Use differentials to estimate the amount of tin in a closed tin closed tin can with diameter 8 cm and height 12 cm if the can is 0.04 cm thick.

### Solution

Assuming that the measurements of 8 cm and 12 cm are taken from the outside of the can, then we could estimate the change in volume of a cylinder if the radius were increased by 0.04 cm to 4 cm and the height increased by 0.08 cm to 12 cm (convince yourself of this with a picture.). Now the tin in the can comprises the difference between a $(r,h)=(3.96,11.92)$ cylinder and a $(r,h)=(3,12)$ cylinder.
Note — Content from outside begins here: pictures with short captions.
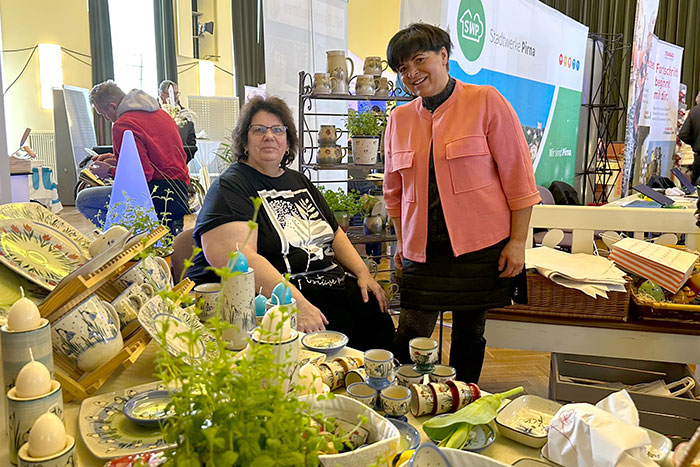 Kathrin Vogel und Anke Lehmann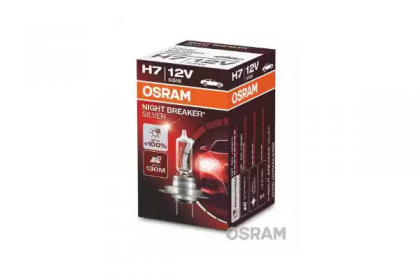 Bec 12v H7 55 W Night Breaker Silver +100% Osram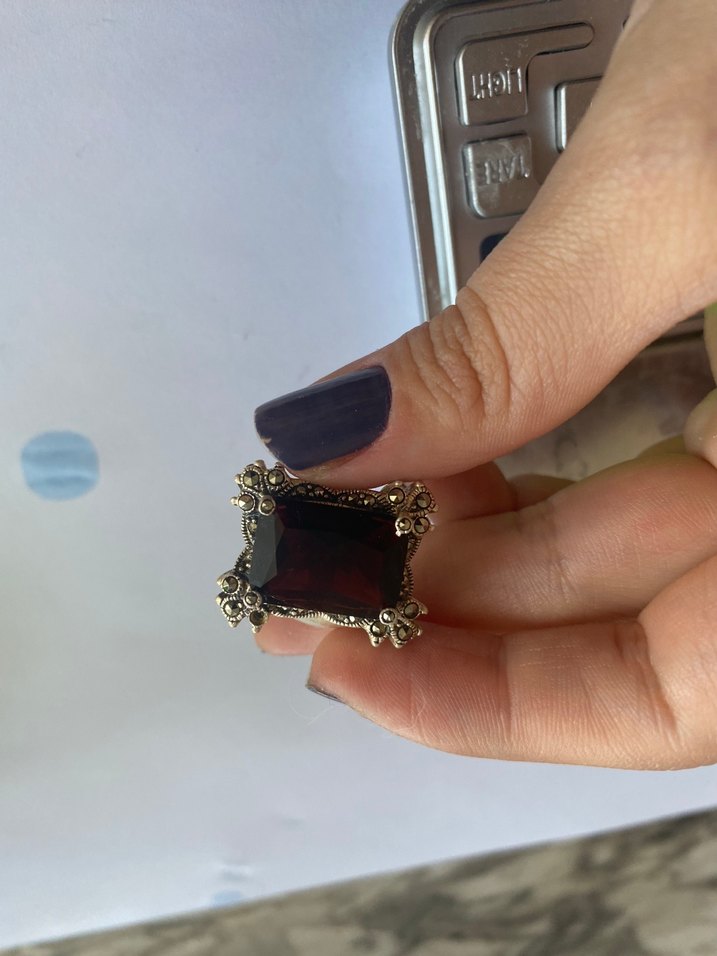 925 ayar markazitli yüzük - Görsel 5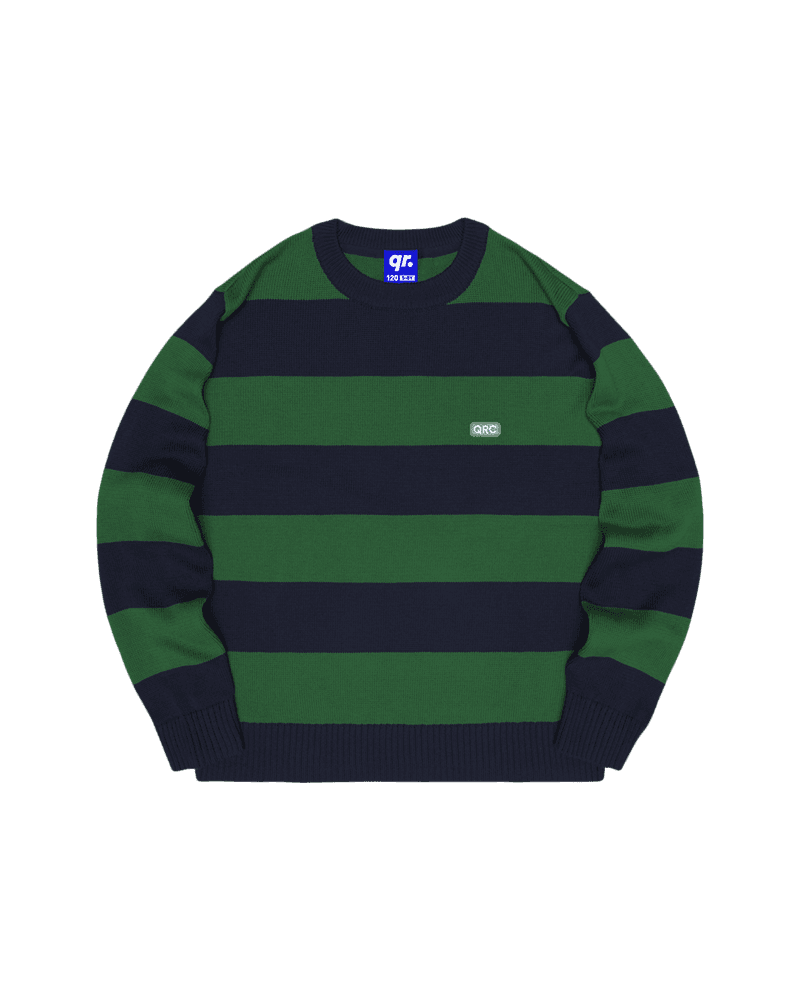 ДЕТСКИЙ СВИТЕР STRIPED Т.СИНЕ-ЗЕЛЕНЫЙ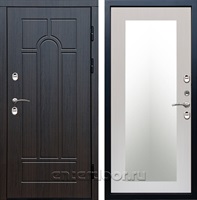 Входная дверь с терморазрывом Афина 3к с зеркалом Триумф (Венге / Лиственница беж)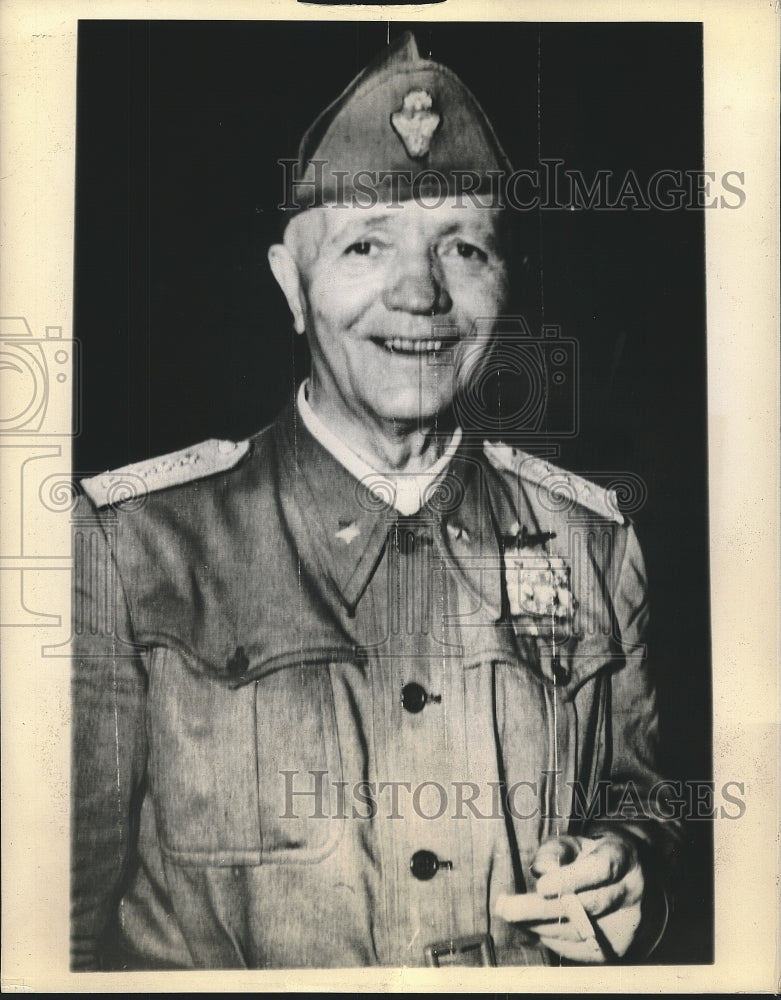 1943 Press Photo Marshall Pietro Badoglio of Italy at Allied Military conference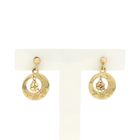 Image 1 of Gold stud earrings with Japanese cherry blossoms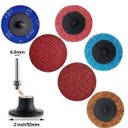 Ver imagem 2 de Disco de Lixa com Suporte para Furadeira Flap Esponja 8 Pçs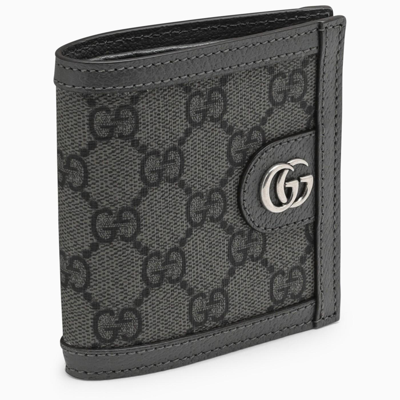 Shop Gucci Ophidia Grey\/black Wallet In White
Now the volume of a cylinder is given by $V=\pi r^2h$.

We can use the differential of $V$, $dV$ (evaluated at $(r,h)=(3.96,11.92)$although the other way around would  also be a good estimate) to estimate the change in volume: $dv=\frac{\partial V}{\partial r}dr+\frac{\partial V}{\partial h}dh$,

where $dr=+0.04$ cm and $dh=+0.08$ cm. Now $\left.\frac{\partial V}{\partial r}=2\pi r h\right|_{(r,h)=(3.96,11.92)}=2\pi (3.96)(11.92)$, and $\left.\frac{\partial V}{\partial h}=\pi r^2\right|_{(r,h)=(3.96,11.92)}=\pi (3.96)^2$. $\Rightarrow dP=2\pi (3.96)(11.92)\times(+0.04)+\pi (3.96^2)\times (+0.8)\approx15.805$ cm ${}^3$.

## Question 2

Use differentials to estimate the amount of metal in a closed cylindrical can that is 10 cm high and 4 cm is diameter if the metal in the wall is 0.05 cm thick and the metal in the top and bottom is 0.1 cm thick.

### Solution

Using the same method, the differential is a good estimate: $dv=\frac{\partial V}{\partial r}dr+\frac{\partial V}{\partial h}dh$,

where in this case we take $(r,h)=(1.95,9.8)$, and $dh=+0.2$ and $dr=0.05$. Now $\left.\frac{\partial V}{\partial h}=\pi r^2\right|_{(r,h)=(1.95,9.8)}=\pi (1.95)^2$, $\left.\frac{\partial V}{\partial r}=2\pi r h\right|_{(r,h)=(1.95,9.8)}=2\pi(1.95)(9.8)$.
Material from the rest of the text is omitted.